American Bankers Association Pushes Back Against Fed's CBDC Proposal

The American Bankers Association (ABA) urged House leaders on Monday to support a bill that would prevent the Federal Reserve from creating a central bank digital currency (CBDC) for individuals and using it as a monetary policy tool.

Congressman Tom Emmer (R-Minn.) introduced the CBDC Anti-Surveillance State Act (H.R. 5403) in September 2023. With backing from 165 cosponsors, the bill is expected to be voted on this week.

“ABA believes strongly that a CBDC, defined as a digital form of central bank money that is widely available to the general public, is unnecessary in the United States and would present unacceptable risks and costs to the financial system,” the association stated in a letter to Speaker Mike Johnson and Minority Leader Hakeem Jeffries.

“The dollar is already digital today, and it is unclear how issuing a CBDC would improve financial inclusion or achieve other laudable goals,” the letter added.

Fed Studying CBDC Despite Reservations from Top Officials

The ABA’s letter also warned that a CBDC could disrupt the current financial system.
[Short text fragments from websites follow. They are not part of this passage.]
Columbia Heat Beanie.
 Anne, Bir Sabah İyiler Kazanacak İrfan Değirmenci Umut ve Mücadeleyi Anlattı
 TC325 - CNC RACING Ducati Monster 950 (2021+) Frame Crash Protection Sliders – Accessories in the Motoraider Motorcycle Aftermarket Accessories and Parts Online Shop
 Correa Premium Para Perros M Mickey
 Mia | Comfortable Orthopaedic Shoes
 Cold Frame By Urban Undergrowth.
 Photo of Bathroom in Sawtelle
It argued that a CBDC might fundamentally alter the relationship between citizens and the Federal Reserve, weaken the role of banks, worsen economic downturns, and complicate the Fed’s ability to manage the economy effectively.

While the US has not launched a CBDC, the government has shown interest in digital currency initiatives, such as the New York Fed’s 12-week pilot program testing a simulated digital dollar.

Despite hesitations from top officials like Fed Chair Jerome Powell and Governor Michelle Bowman, the Federal Reserve continues to research the potential of a digital dollar.

ABA Warns of Crippling Impact on Banks

The ABA also expressed concern about the Fed’s FedNow Service for instant payments, launched in October, which some experts fear could be a stepping stone toward a future CBDC.

The association argued that a CBDC would harm banks by drawing money away from them and into the Fed, thereby reducing banks’ capacity to lend and stunting economic growth. In essence, the ABA sees a CBDC as a powerful competitor that could siphon deposits from banks, impairing their ability to provide loans that support local economies.